On Monday, February 1st, Democrats who control the state Senate blocked a motion to subpoena records from the Cuomo administration in order to gain a more accurate count of the number of individuals that died in nursing homes.

During a virtual meeting, Senator Thomas O’Mara, the ranking Republican on the Investigations Committee panel made the motion. 

The motion to force the State Health Department to release the death total records came shortly after Attorney General, Letitia James issued a damning report that proves Governor Cuomo and his health agency withheld an accurate count of those individuals residing in nursing homes who died from the Coronavirus.

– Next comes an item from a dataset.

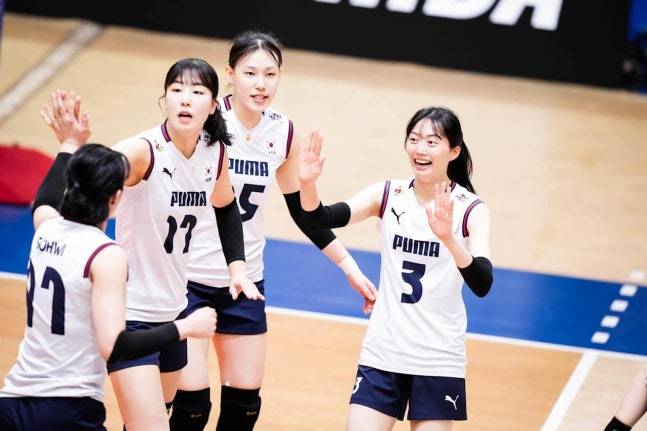 득점 후 기뻐하는 한국 여자 배구대표팀 선수들의 모습. /사진=VNL 제공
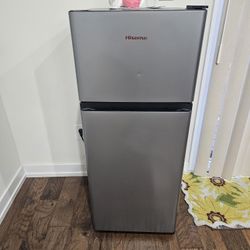 HiSense Mini Fridge 4.4 Cu. Ft.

The number released was cut by almost 50 percent, because residents who died after being taken to the hospital were excluded from the count

Hours after the damning report was issued, state Health Commissioner Howard Zucker, who had been accused of stonewalling, gave a more detailed accounting, saying 12,743 nursing home residents had died from COVID-19 as of January 19.

That figure was about 4,000 more nursing home resident deaths than previously reported — confirming the attorney general’s finding, The New York Post reported.

O’Mara was not satisfied with the information that was released, and had claimed there’s more information to be had “to make sure we get to the bottom” of the COVID-19 nursing home tally.

O’Mara (R-Elmira) said:

“We talked about [issuing a subpoena] on and off throughout the past year,” 


O’Mara’s motion was seconded by GOP Sen. Anthony Palumbo, a former Suffolk County prosecutor.

Palumbo said:

“We do think there are a lot of irregularities,” 

He continued:

“The cover-up is usually worse than the crime.”

After becoming fed up with the stonewalling tactics taking place, last week Senator James Skoufis, the top Democrat and chairman of the Investigations Committee threatened to subpoena the DOH to release the total number of nursing home residents who died of COVID-19, according to reports.  

He called the delay tactics “downright insulting” to an co-equal branch of government.

The New York Post reported that Skoufis issued the threat before James issued her report.

And then during Monday’s committee meeting, he argued that O’Mara’s motion to issue a subpoena was largely moot after Zucker was forced to release an updated tally of nursing home deaths — that included those who died in hospitals — following James’ release of her report.

Skoufis is expecting Zucker to release more information when he testifies during a February 25th budget hearing.

The chief lawyer for the investigations panel then claimed that the motion had not been submitted in writing, and therefore was procedurally out out of order.

Skoufis said:

“This is a political motion. This committee is not going to be bullied into doing something after we laid out a road map to getting information,” 

He went on to say:

“I will recommend a `no vote’ on your motion,” 

O’Mara responded that it was a “dereliction of duty” for the Senate to let the Cuomo’s health team off the hook, adding:

“I, for one, do not believe we’re getting the full picture from Attorney General James’ report.”

Other Democrat members of the investigations committee include James Gaughran and former federal prosecutor Todd Kamsinsky, both representing Nassau County, and Elijan Reichlin Melnick of Rockland County, The New York Post reported.